One of the most obvious ways that we can “wake up” is to restore an urgency and priority to pray for ANiC and its role in the purposes of God. Here are a few suggestions as to what we should pray for:

  • Bishop Don has urged us to pray daily for our Electoral Synod this month. You can use the prayer above on page one, the prayer for synods in the Book of Common Prayer (see below) or your own prayers. But please pray regularly for this important event in our unfolding history.
  • Let me also encourage you to pray for Unity. ANiC was formed from a great variety of expressions of Anglican worship, polity and theology, and that makes us vulnerable. But we know from Jesus’ high priestly prayer in John 17 that He deeply desires unity in His Body, His faithful Church:-

“. . that they may all be one, just as you, Father, are in me, and I in you, that they also may be in us, so that the world may believe that you have sent me.”                                              John 17: 21 ESV

Jesus prays that we might embrace a unity that is a reflection of the unity that the members of the Trinity experience – that we might be one, just as the Father and Son are one! How amazing is that! But it’s not just for our benefit. Jesus says that it is so that the world will believe that the Father sent him. He’s giving the world permission to check us out and He is putting the credibility of His word on the line. Please pray that the Lord will foster and protect our unity because it is always the first target of the enemy. Pray that we will cherish our unity as a priceless treasure and see its evangelistic importance.

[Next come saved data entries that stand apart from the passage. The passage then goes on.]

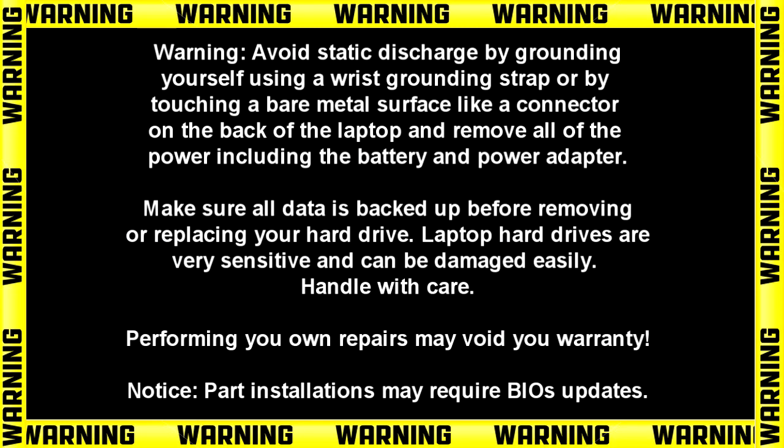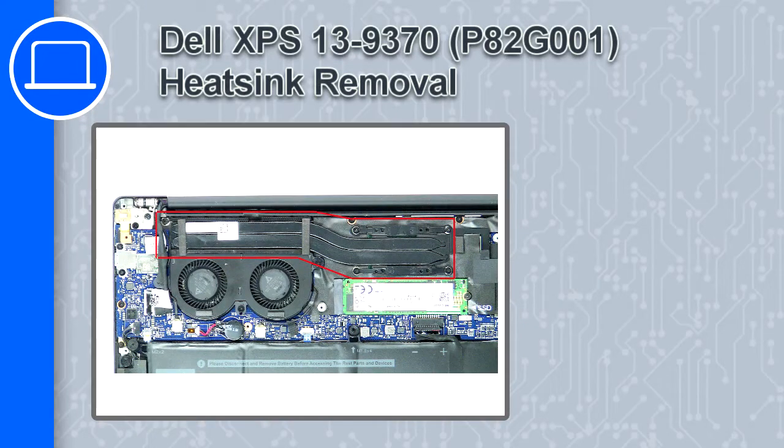Hey, what's up! This is Ricardo, and in this video I'll show you how to remove the heatsink from a Dell XPS 13 version 9370.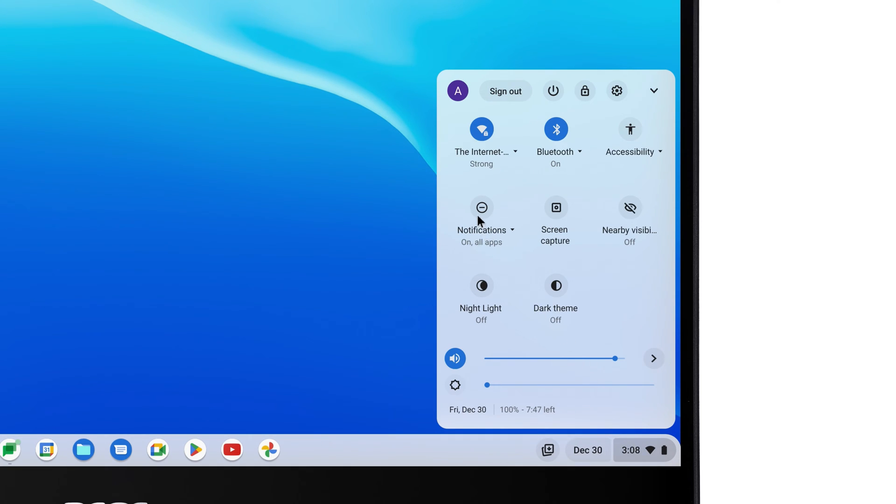If you click on it, you can set your device to Do Not Disturb, which prevents notifications from popping up entirely.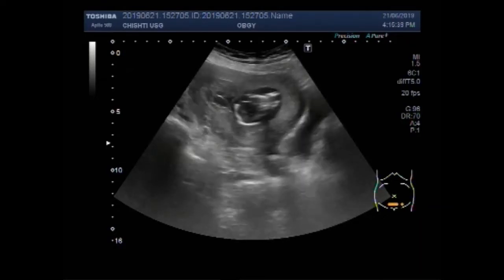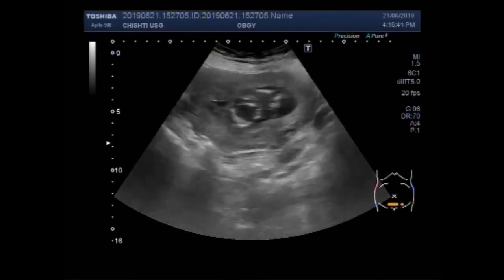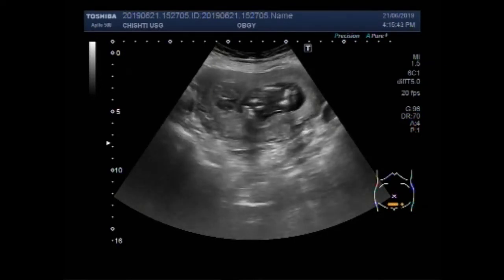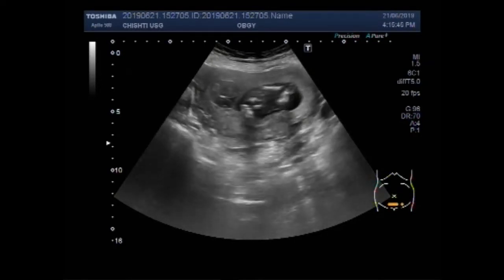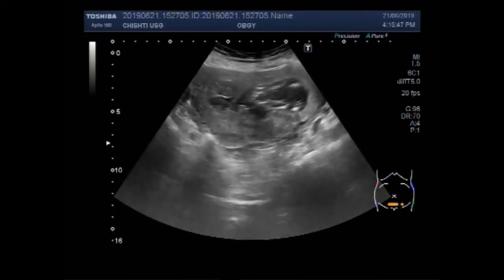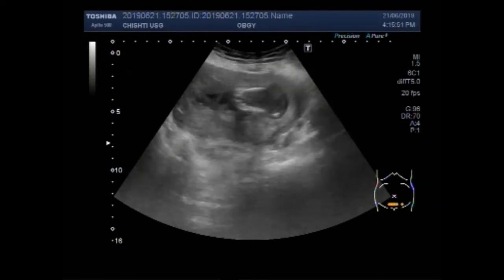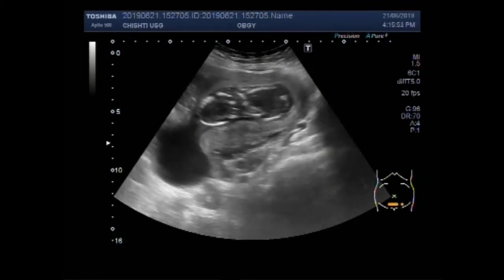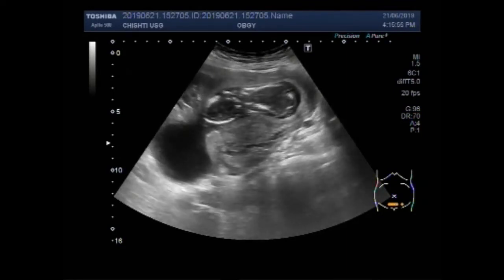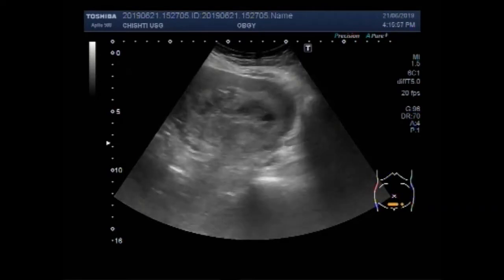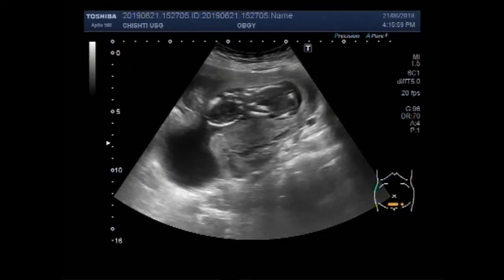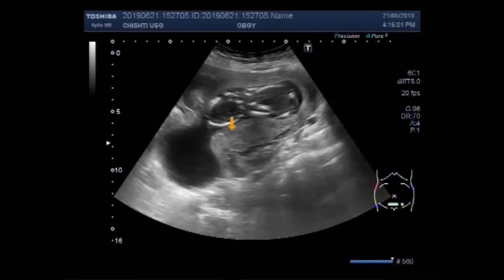The cyst measures about 5.5 cm by 5.8 cm. Now you can see the urinary bladder, ovarian cyst, fetus, and the mass in the anterior wall of the uterus. Again, this is the placenta — a small placenta. This is the fetus.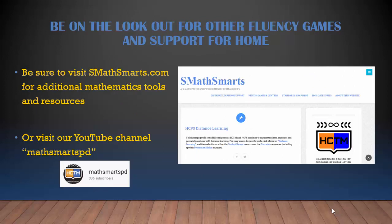Be on the lookout for other fluency games and support from home. Be sure to visit smathsmarts.com for additional math tools and resources. Or you can visit our YouTube channel, Math Smarts PD. We'll see you next time.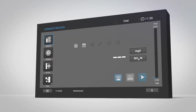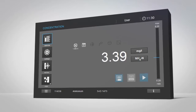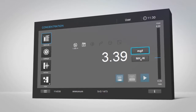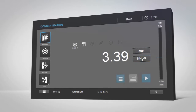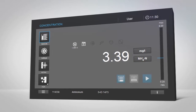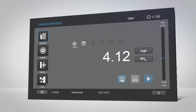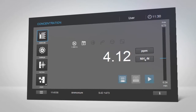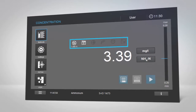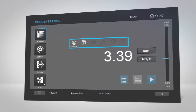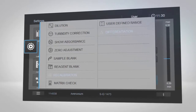The measurement result is displayed in large, easy-to-read characters. Next to it, you will find the unit, such as milligrams per liter, and the citation, for example NH4-N. You can easily customize these by tapping the unit or citation button. The icon bar above the result displays your personal settings, which can be easily adjusted through the settings menu.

  • Finally, pray for the outpouring of the Holy Spirit’s power upon our church. Just before His return to His heavenly Father, Jesus urged the disciples to wait inJerusalemfor the Promise of the Father – the Holy Spirit. Then He told them;

“You will receive power when the Holy Spirit has come upon you, and you will be my witnesses in Jerusalem and in all Judea and Samaria, and to the end of the earth.”      Acts 1:8 ESV

We cannot be what God has called us to be, and do what He has called us to do, in our own strength. Yet the pages of church history are replete with accounts of the Church’s feeble attempts to do just that. Such reliance on our own abilities, intellect and resources inevitably lead to liberalism, heresy and ultimately, apostasy.  The closer our personal walk with God, the closer will be our unity with others who are also wholeheartedly pursuing Him.

Pray for the outpouring of the Holy Spirit upon our synod this month and upon each of our parishes in the weeks and months ahead. The only thing that will keep us from slipping back to “business as usual” is a desperate dependency upon the power of the Holy Spirit to enable us to respond to the Lord’s call upon us to reach our generation with the liberating, transforming Gospel of Jesus Christ!  Amen.